Ok, so I have been looking around the net and I am finding plenty 0f 08-11 Rene 800's at some pretty good deals. 
Whats you guys opinion on whether I should just get a used 800 or send the extra 4-5K and go ahead and get the 1000? Are the Rene 1000 really that bad ***?


----------



## Crawfishie!! (Dec 9, 2009)

I owned a '09 Gade before I bought my rzr. IMO, that was the best bike I ever owned. I have ridden the 1000 Gade, really not that impressed. For the difference in power, I personally, couldn't justify the monetary difference. All the mods that you'll put on the 800r, you'll be VERY satisfied with it. For 4-5000 in accessories, that 800 would be a BEAST of a machine and have all the mods YOU want it to be. Rather than buying a 1000 and still having to do all that you want to it. That's just my .02 




Mud slingin', cold beer drinkin'


----------



## prairie700 (Jul 27, 2010)

my buddy runs a stock '12 gade 1000 with 30s everythig stock he outruns every 800 he comes across


----------



## Shrek (Oct 4, 2011)

I recently joined the Can-Am Family and although I loved the power my brute had... This Rotax vtwin is apples and oranges! I'm addicted and I've only had mine since Friday.
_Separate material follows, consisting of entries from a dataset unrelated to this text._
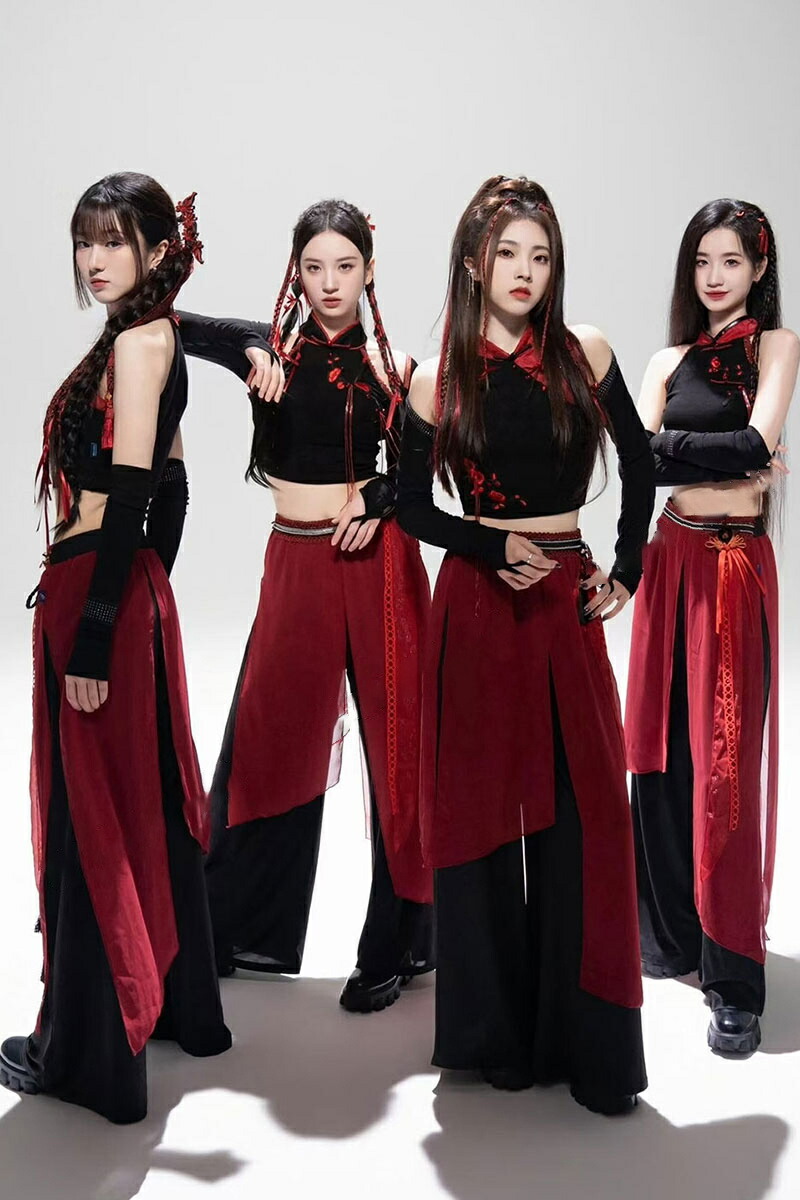 楽天市場】ダンス衣装 赤 黒 セットアップ 大人 レディース k-pop へそ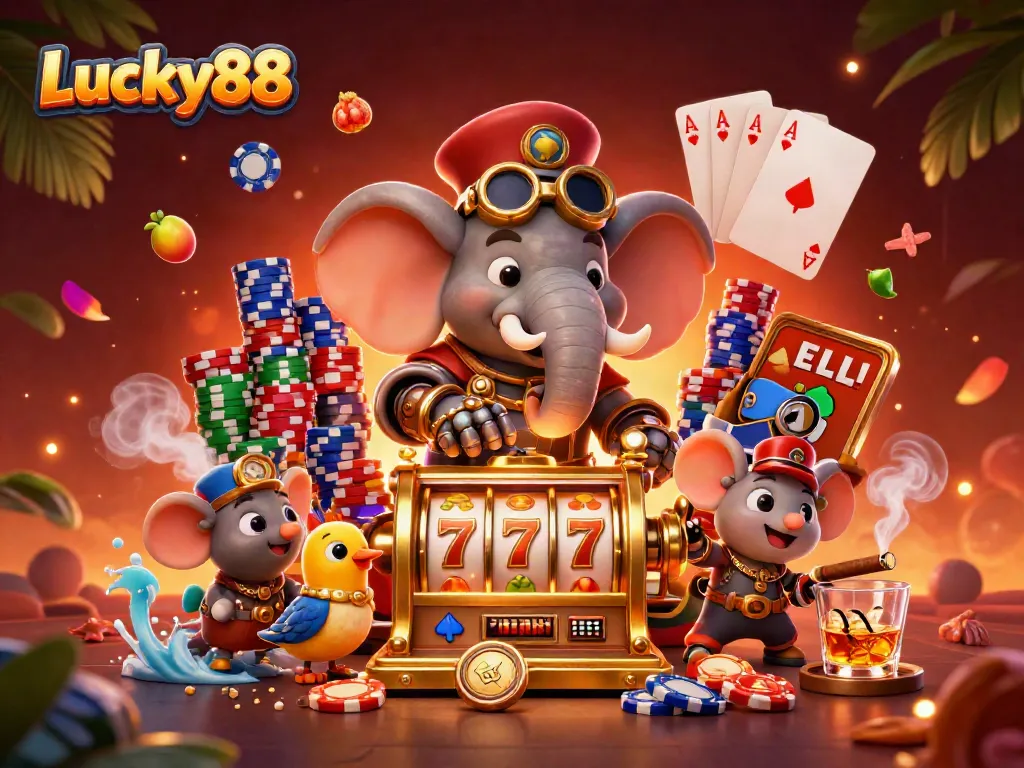 Spin the Lucky88 slot machine to win big with vibrant casino elements and a dynamic 3D scene.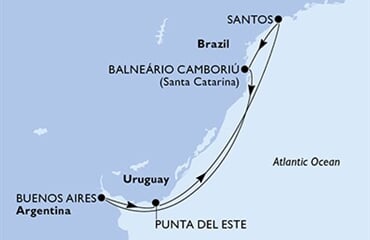 MSC Meraviglia - Brazílie, Argentina, Uruguay (Camboriú)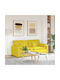Light Three-Seater Couch Light Yellow 224x105x64cm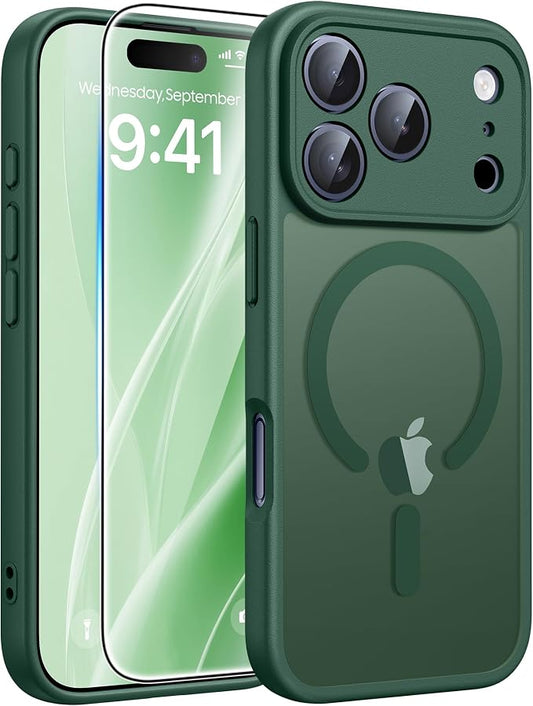 FNTCASE for iPhone 17 Pro Max Case: [Compatible with Magsafe] Translucent Matte Cases with [Full Camera Protection] [Screen Protector] Military Grade Shockproof Protective Phone Cover - Green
Good luck with the Gade project..!


----------



## fstang24 (Jan 9, 2010)

get what makes you happy, the new g2 gades are more updated than just throwing in a 1000cc motor in, well actually its a 975cc. It has improved suspension and shocks, they say a better frame but only time will tell, better tranny and few other minor items, i love my 1000 this thing is a blast too ride, you wont regret it man.


----------